A couple of crashing bugs there: a list_del_init without holding the

mutex, and too much faith in the "safe" in list_for_each_entry_safe():

it does assume that the mutex has been held throughout, you (very

nicely!) drop it, but that does require "next" to be re-evaluated.



shmem_writepage():

Not a bug fix, this is the "except perhaps one": minor optimization,

could be left out, but if shmem_unuse() is going through the list

in the forward direction, and may completely unswap a file and del

it from the list, then pages from that file can be swapped out to

*other* swap areas after that, and it be reinserted in the list:

better to reinsert it behind shmem_unuse()'s cursor than in front

of it, which would entail a second pointless pass over that file.



try_to_unuse():

Moved up the assignment of "oldi = i" (and changed the test to

"oldi <= i"), so as not to get trapped in that find_next_to_unuse()

loop when find_get_page() does not find it.



try_to_unuse():

But the main problem was passing entry.val to find_get_page() there:

that used to be correct, but since f6ab1f7f6b2d we need to pass just

the offset - as it stood, it could only find the pages when swapping

off area 0 (a similar issue was fixed in shmem_replace_page() recently).
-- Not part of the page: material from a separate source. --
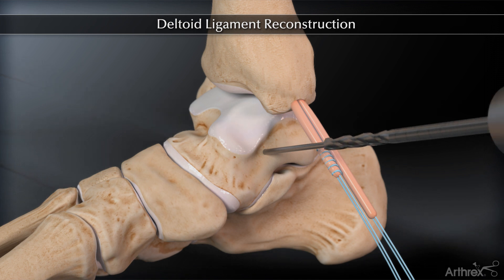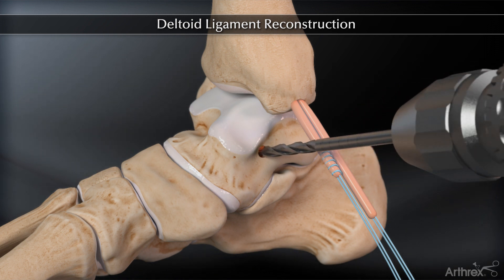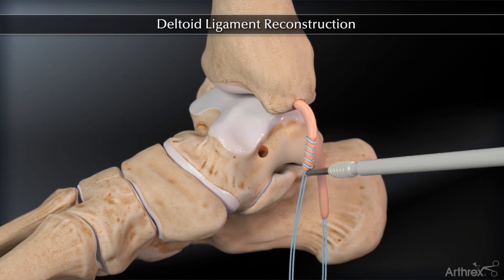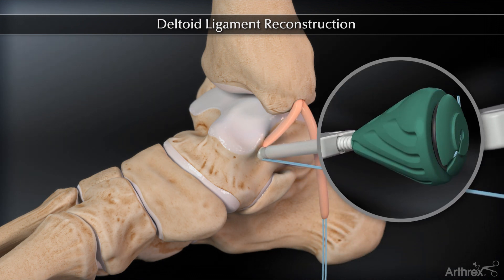The guide pin is overdrilled to a depth of 17 mm. The graft will still slide through the tibial tunnel. Pull on the posterior limb of the allograft to shorten the anterior limb. Insert and fix the anterior limb of the allograft, which has been previously whip stitched, into the talus using blind tunnel tenodesis technique.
That (together with the late oldi assignment) was why my swapoffs were

hanging on SWAP_HAS_CACHE swap_map entries.



With those changes, it all seems to work rather well, and is a nice

simplification of the source, in addition to removing the quadratic

complexity. To my great surprise, the KSM pages are already handled

fairly well - the ksm_might_need_to_copy() that has long been in

unuse_pte() turns out to do (almost) a good enough job already,

so most users of KSM and swapoff would never see any problem.
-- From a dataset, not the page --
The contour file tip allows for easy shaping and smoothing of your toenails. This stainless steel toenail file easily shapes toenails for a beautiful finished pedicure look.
And I'd been afraid of swapin readahead causing spurious -ENOMEMs,

but have seen nothing of that in practice (though something else

in mmotm does appear to use up more memory than before).



My remaining criticisms would be:



As Huang Ying pointed out in other mail, there is a danger of

livelock (or rather, hitting the MAX_RETRIES limit) when a multiply

mapped page (most especially a KSM page, whose mappings are not

likely to be nearby in the mmlist) is swapped out then partially

swapped off then some ptes swapped back out.  As indeed the

"Under global memory pressure" comment admits.
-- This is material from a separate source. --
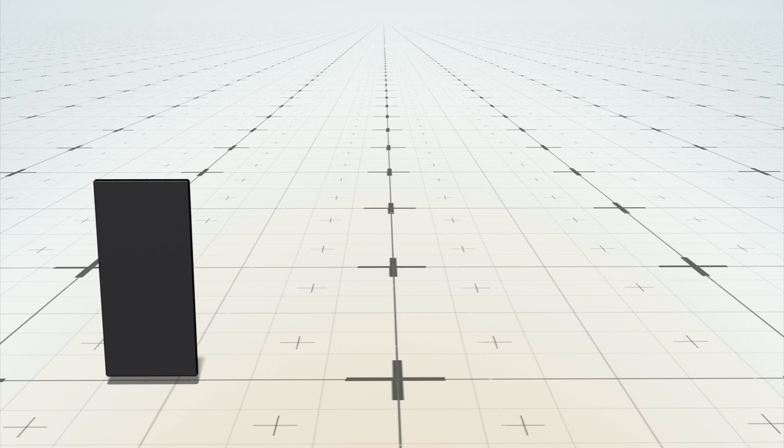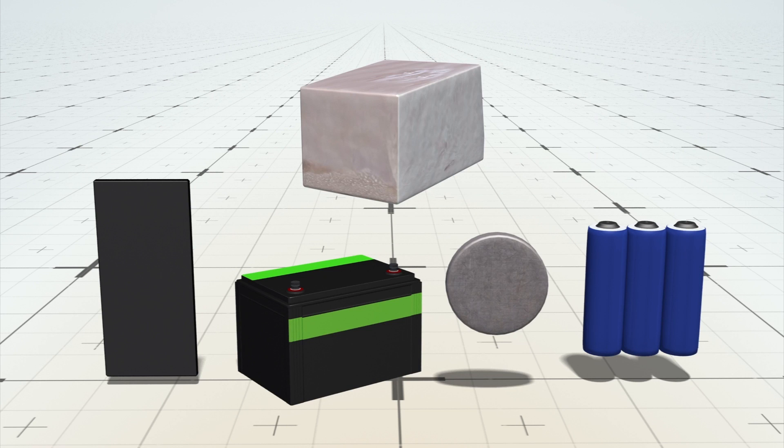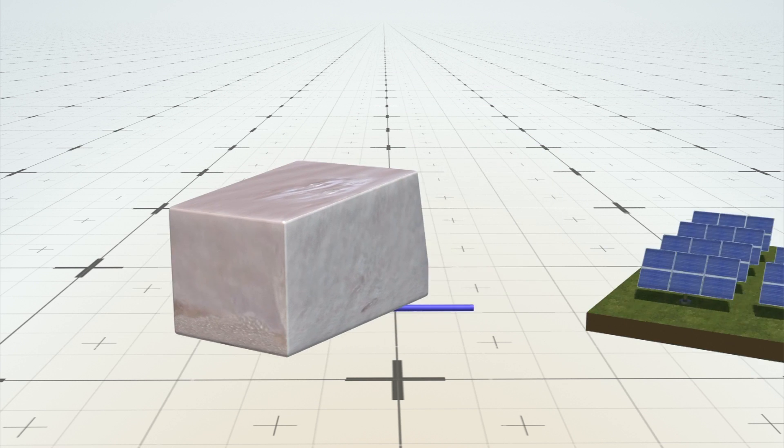With rare lithium used in most batteries becoming scarce, scientists are looking into sodium, which is abundant and can service large power facilities at a lower cost.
I have hit the MAX_RETRIES 3 limit several times in load testing,

not investigated but I presume due to such a multiply mapped page,

so at present we do have a regression there.  A very simple answer

would be to remove the retries limiting - perhaps you just added

that to get around the find_get_page() failure before it was

understood?  That does then tend towards the livelock alternative,

but you've kept the signal_pending() check, so there's still the

same way out as the old technique had (but greater likelihood of

needing it with the new technique).  The right fix will be to do

an rmap walk to unuse all the swap entries of a single anon_vma

while holding page lock (with KSM needing that page force-deleted

from swap cache before moving on); but none of us have written

that code yet, maybe just removing the retries limit good enough.



Two dislikes on the code structure, probably one solution: the

"goto retry", up two levels from inside the lower loop, is easy to

misunderstand; and the oldi business is ugly - find_next_to_unuse()

was written to wrap around continuously to suit the old loop, but

now it's left with its "++i >= max" code to achieve that, then your

"i <= oldi" code to detect when it did, to undo that again: please

delete code from both ends to make that all simpler.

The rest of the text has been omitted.